Rafaela nos conta que, ao organizar-se como ocupante, não tinha o desejo de assumir qualquer posição de liderança. Porém, ela nos diz que sempre foi curiosa e questionadora, vendo-se, por diversas vezes, tomando a frente nos processos decisórios e de gestão da ocupação. O seu despertar também foi percebido por outras figuras de referência, como Maria Clara, que a orientou no processo formativo de tornar-se liderança. Com base em sua experiência, Rafaela percebe que questões de gênero marcam a construção dessa posição. Ela afirma que “às vezes a mulher vai parar numa liderança não é porque ela quer. Ela vai às vezes por falta de opção. Ela vai vê a situação errada, ela quer se impor naquela situação”. Atrelado a isso, ela nos relata sobre os desafios impostos pelo machismo nas disputas de poder a partir de experiências em que sua posição foi questionada. “O homem, ele odeia receber regras de mulheres”, diz Rafaela. Apesar de em alguns momentos indagar-se sobre a continuidade do seu trabalho à frente da ocupação, Rafaela narra que uma das coisas que a mantém fortalecida é a trajetória construída ao longo de todos esses anos, “porque pra você aprender o que eu aprendi, não é o livro que ensina, é a prática”.
Baiana
“Aí eu dei coragem para que o povo fosse pra cima”
O processo de tornar-se liderança, na trajetória de Baiana, acontece de forma espontânea a partir da construção e fortalecimento de vínculos de confiança com a comunidade. “Eu acho que o povo me convida, me chama e eu vou resolver”. Ela nos conta que o exercício dessa função envolve a força e a coragem necessárias para a afirmação da luta e a disponibilidade e prontidão para resolução dos desafios que movimentam a vida nos contextos de ocupação.
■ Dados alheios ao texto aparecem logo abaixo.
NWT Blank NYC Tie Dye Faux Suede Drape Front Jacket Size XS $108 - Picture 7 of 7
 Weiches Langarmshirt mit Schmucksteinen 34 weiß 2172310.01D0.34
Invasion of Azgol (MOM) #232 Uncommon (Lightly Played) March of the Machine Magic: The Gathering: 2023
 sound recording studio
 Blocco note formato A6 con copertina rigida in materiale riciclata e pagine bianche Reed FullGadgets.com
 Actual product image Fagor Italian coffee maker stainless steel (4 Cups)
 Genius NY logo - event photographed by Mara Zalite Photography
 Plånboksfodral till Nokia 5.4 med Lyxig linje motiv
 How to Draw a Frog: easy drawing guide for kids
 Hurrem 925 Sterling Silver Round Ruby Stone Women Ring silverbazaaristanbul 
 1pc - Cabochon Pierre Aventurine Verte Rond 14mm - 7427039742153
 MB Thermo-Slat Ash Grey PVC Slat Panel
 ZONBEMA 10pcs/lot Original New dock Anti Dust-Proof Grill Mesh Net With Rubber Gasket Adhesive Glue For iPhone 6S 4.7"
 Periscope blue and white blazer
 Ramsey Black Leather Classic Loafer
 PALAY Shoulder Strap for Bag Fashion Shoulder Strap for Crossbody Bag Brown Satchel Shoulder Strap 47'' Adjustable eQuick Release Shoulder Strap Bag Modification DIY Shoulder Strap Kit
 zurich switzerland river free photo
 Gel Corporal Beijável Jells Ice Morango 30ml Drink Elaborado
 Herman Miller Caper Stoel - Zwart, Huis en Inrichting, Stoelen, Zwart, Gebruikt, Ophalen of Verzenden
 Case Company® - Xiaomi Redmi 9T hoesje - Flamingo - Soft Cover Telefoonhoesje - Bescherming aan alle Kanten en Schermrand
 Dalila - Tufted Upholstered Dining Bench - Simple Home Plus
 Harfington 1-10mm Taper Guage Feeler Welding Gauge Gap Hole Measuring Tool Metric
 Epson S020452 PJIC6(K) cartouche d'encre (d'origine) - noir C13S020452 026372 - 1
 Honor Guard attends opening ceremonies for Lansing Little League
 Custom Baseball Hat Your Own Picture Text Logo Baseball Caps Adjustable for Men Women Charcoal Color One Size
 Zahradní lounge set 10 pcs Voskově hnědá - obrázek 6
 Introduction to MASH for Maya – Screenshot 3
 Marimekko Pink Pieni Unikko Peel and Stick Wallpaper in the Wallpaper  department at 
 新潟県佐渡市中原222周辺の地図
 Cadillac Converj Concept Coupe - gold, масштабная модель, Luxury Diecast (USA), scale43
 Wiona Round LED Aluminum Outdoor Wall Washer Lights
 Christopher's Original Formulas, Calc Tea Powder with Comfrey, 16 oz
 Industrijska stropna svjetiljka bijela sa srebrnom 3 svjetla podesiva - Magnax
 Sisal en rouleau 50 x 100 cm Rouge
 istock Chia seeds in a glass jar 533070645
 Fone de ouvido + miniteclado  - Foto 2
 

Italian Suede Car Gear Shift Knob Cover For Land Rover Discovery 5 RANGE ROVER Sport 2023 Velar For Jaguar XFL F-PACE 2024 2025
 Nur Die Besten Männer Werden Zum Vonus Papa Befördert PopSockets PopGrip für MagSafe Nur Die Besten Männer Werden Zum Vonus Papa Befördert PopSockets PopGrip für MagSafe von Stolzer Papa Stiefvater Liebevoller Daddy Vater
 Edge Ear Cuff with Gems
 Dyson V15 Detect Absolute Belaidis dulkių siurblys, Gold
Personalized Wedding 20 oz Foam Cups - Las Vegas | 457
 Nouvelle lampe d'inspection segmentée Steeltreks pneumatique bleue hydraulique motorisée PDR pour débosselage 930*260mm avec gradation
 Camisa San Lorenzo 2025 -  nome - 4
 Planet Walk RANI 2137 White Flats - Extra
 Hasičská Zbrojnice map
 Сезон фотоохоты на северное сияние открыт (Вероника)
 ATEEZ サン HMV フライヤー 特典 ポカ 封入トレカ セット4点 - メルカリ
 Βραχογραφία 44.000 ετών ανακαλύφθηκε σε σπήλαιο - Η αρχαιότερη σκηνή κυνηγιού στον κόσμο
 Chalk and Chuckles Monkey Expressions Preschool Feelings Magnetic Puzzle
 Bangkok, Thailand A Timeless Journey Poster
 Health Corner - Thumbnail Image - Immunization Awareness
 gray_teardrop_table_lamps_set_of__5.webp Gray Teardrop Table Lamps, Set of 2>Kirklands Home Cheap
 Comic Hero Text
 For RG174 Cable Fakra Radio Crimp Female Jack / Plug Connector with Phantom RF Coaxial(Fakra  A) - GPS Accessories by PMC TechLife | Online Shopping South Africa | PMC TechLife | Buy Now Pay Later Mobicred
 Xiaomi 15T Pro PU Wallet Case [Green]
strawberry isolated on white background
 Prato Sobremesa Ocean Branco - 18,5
Seja no processo de organização da ocupação, na construção de estratégias de acesso a direitos, na promoção de atividades para a comunidade, nas articulações políticas ou enfrentamentos judiciais, Baiana afirma-se enquanto uma líder engajada e comprometida com a disputa pela terra e a afirmação das vidas dos ocupantes. “Com o facão na mão” para abrir ruas e demarcar lotes, Baiana aposta numa liderança que põe a mão na massa e convoca todos para a luta: “Gente, corre, a hora é essa”. “Corre todo mundo, vamos pra cima, vamos pra cima”.